Future jobseekers may need to impress robots
Belong, a Bengalaru-based recruitment start-up, is part of a new group of companies which use technology to simplify the hiring process, from sorting resumes to scheduling interviews. The company has developed a platform that goes even further than that, scouring the internet to unearth publicly available information on all possible candidates. It scans their Twitter accounts, Facebook pages, LinkedIn profiles, and more.
“Earlier, a resume was just like a balance sheet—what you declare about yourself at a given point in time,” explained the company’s co-founder Rishabh Kaul. “Now, you have a rich stream of constant data.”
After gathering copious amounts of information, the platform ranks potential hires according to their suitability for a role at a particular company.
The system scans all profiles with uniform precision to match every candidate to a company’s search requirements and previous hiring patterns. Where there is no precedent, Belong works with the employers to manually feed in ideal candidate profiles.
As companies approve and reject suggestions, the machine learning algorithm learns from the choices and further fine-tunes future results. However, Belong’s system does not eliminate candidates, it only reorders them. This means that the decision-making still lies with the human resources managers.
The technology-led process casts a wider net for talent and covers a higher volume at greater speed than humans can do. It tailors messages for a multitude of candidates and improves efficiency by saving hiring managers 15-20 hours of work each week.

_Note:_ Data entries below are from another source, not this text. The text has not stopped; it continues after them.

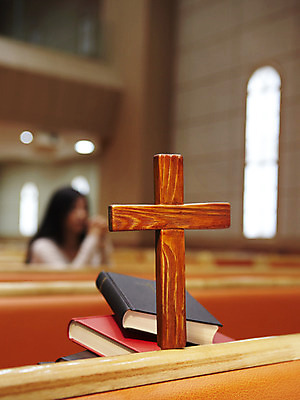 포토 JPG 여자 기독교 종교 백그라운드 십자가 의자 종교용품 창문 기독교용품 실내 한명 사람 앉기 동양인 상반신 20대 성인 목재 책 교회 성경 기도 오브젝트 예배 장의자 나무십자가 여자만 여자한명만 성인여자만 청년만 청년여자만 성인한명만 청년여자한명만 성인여자한명만 성인만 국내포토 나무 1 가구 재료 종교건축 모션 인종 청년 내부 건물 파일형식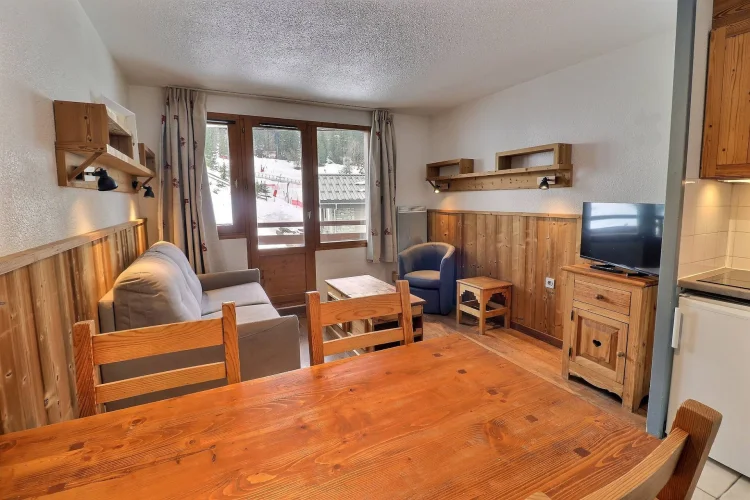 LGB203 / GRAND BOIS B / La Tania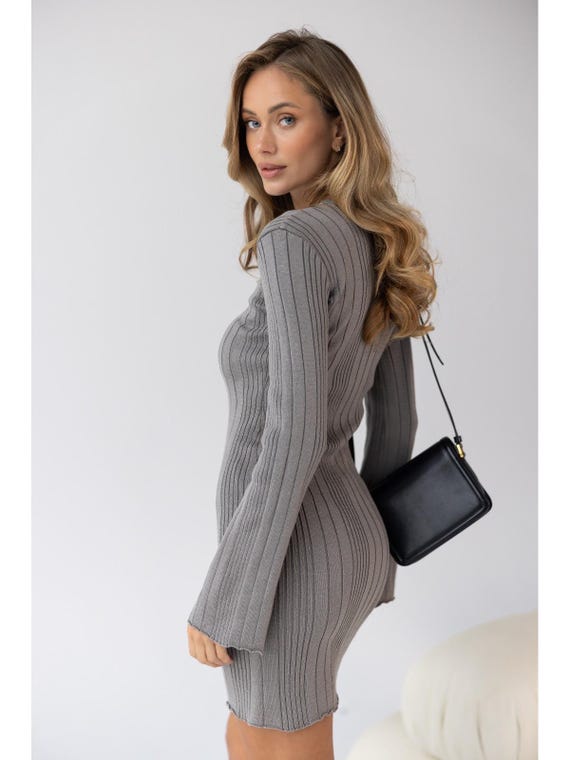 knit dress small THE ANNALEE RIBBED MINI SWEATER DRESS IN BROWN X-Large
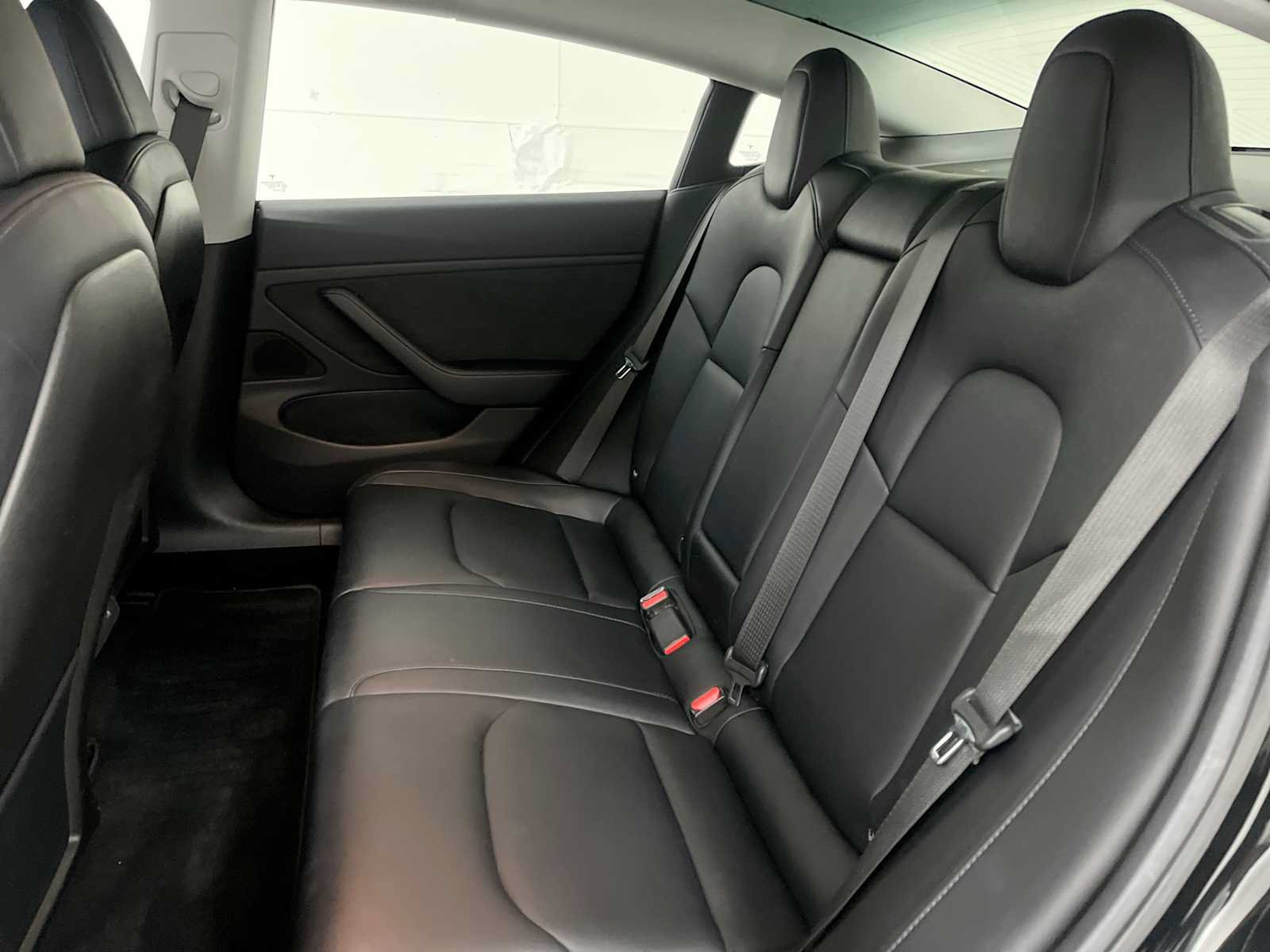 Used 2018 Tesla Model 3 Long Range RWD image 31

Another benefit is that automation can help curb biases, says Kris Lakshmikanth, founder of HeadHunters India. Belong removes political affiliations, religious views, sexual orientation, and other extraneous factors. The company does allow for recruiters to search exclusively for women to improve diversity. However no company can search exclusively for men.
While Belong improves efficiency, it falls short with personable traits. AI can easily track categories such as college degree and technical skills but it can’t judge whether a candidate will fit into the office culture or if they are a team player.
“Much of the research on robotics and artificial intelligence is aimed at mimicking humans, which biases toward automation. Policymakers should encourage research into how technology can instead augment human creativity and collaboration, particularly in middle- and low-skill jobs.”